Reliabilität (Messgenauigkeit) misst wie zuverlässig (genau) ein Merkmal gemessen wird. Dies bedeutet, dass erneute Messungen mit dem gleichen Messmittel, die gleichen Ergebnisse erzeugen sollten. Wird die Größe eines ausgewachsenen Menschen mit Hilfe eines elektronischen Längenmessgerät gemessen, sollte die Größe stets gleich sein. Reliabilität lässt sich unter anderem durch Retests oder Paralleltests messen.
Durch Validität wird geprüft, ob ein Test bzw. ein Set von Items genau das erfasst, was gemessen werden soll. Das zu messende Merkmal ist beispielsweise das Gewicht eines Menschen. Ein Thermometer ist zwar ein geeignetes Verfahren zur Messung des Merkmals Temperatur, allerdings ist es nicht zur Messung des Gewichtes geeignet. Validität lässt sich durch die drei Kategorien Konstrukt-, Inhalts- und Kriteriumsvalidität abbilden und beurteilen.

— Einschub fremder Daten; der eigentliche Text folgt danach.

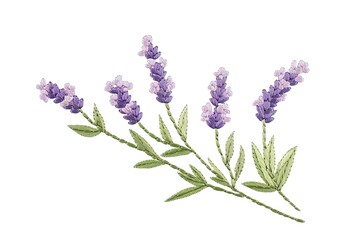 Fototapeta premium Delicate Embroidered Lavender Branch Design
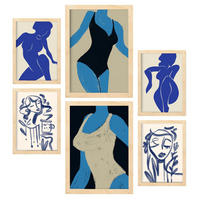 POSTER Set Mit 6 Mettle Body Größe A3 & A4 Rahmen aus hellem Holz - Beige, Papier (29.7/1cm) - Nacnic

Ein Test ist objektiv, wenn alle Befragten mit den gleichen Werte- oder Verhaltenseinstellungen die gleiche Antwort auf einen Indikator abgeben. Einflüsse auf die Objektivität sind zum Beispiel durch den Interviewer, die Befragungssituation, aber auch durch die Reihenfolge der abgefragten Items gegeben. Zudem lässt sich Objektivität in die folgenden drei Kategorien einteilen: Durchführungs-, Auswertungs- und Interpretationsobjektivität.

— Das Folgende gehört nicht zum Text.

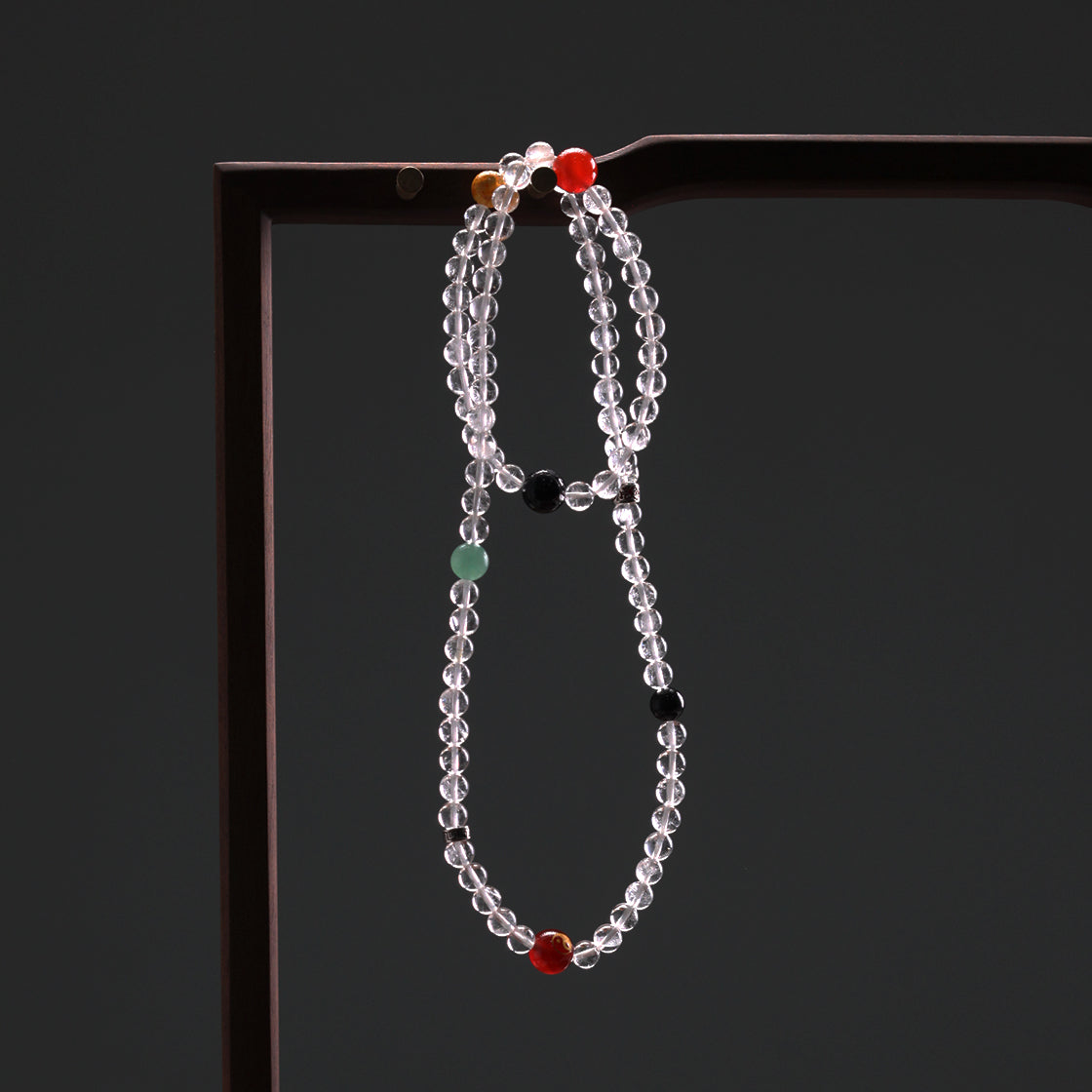 天師府祕製｜道家平安符太極凝輝天然月魄白水晶長串-金五行能量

Wurde die Skala anhand der Gütekriterien bewertet, können weitere Indikatoren entfernt und die finale Skala für den Test abgeleitet werden.
Vor- & Nachteile von Multi-Item-Skalen
Vorteile von Multi-Item-Skalen sind zum einen, dass komplexe Konstrukte erfasst werden können. Zum anderen wird bei der Erfassung oftmals nicht nur ein Konstrukt selbst erfasst, sondern auch inhaltlich verschiedene Facetten/ Faktoren, die zur Messung des latenten Konstrukts dienen. Zudem werden durch die Verwendung einer Vielzahl von Items Messfehler relativiert.

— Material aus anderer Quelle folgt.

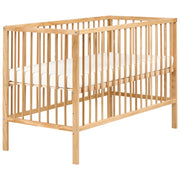 Lettino culla per neonati in legno di pino marrone chiaro 60 x 120 cm con barre regolabili in altezza Dimensioni standard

Allerdings haben Multi-Item-Skalen nicht nur Vorteile, sondern auch Nachteile. Die Vielzahl an Indikatoren in einer Multi-Item-Skala bedeutet für die Probanden einen hohen Zeitaufwand. Viele Probanden wollen allerdings nicht so viel Zeit mit der Beantwortung der Fragen verbringen und brechen die Umfrage unter Umständen ab. Darüber hinaus führen zu viele Fragen zu mangelnder Konzentration. Die Folgen sind oftmals indifferente und fehlerhafte Antworten. Ein weiterer Nachteil ist, dass viele und oftmals gleichklingende Items zur Ermüdung und ebenfalls zu mangelnder Konzentration der Umfrageteilnehmer führen. Letztlich ist das Erstellen einer Skala teilweise mit sehr hohen Kosten verbunden.
Schluss
Latente Konstrukte wirken oft abschreckend, da sie auf den ersten Blick kompliziert, komplex und noch dazu nicht direkt messbar sind. Dennoch gibt es Möglichkeiten diese Sachverhalte greifbar und für wissenschaftliche Arbeiten verwendbar zu machen.
Der Artikel gibt einen kleinen Einblick in das Thema „latente Konstrukte“. Die beschriebenen Methoden sollen dabei helfen latente Konstrukte, ihre Bedeutung und richtige Umsetzung in Umfragen besser verständlich zu machen. Latente Konstrukte sind kein Hexenwerk, weshalb sie in Umfragen nicht vermieden werden sollten.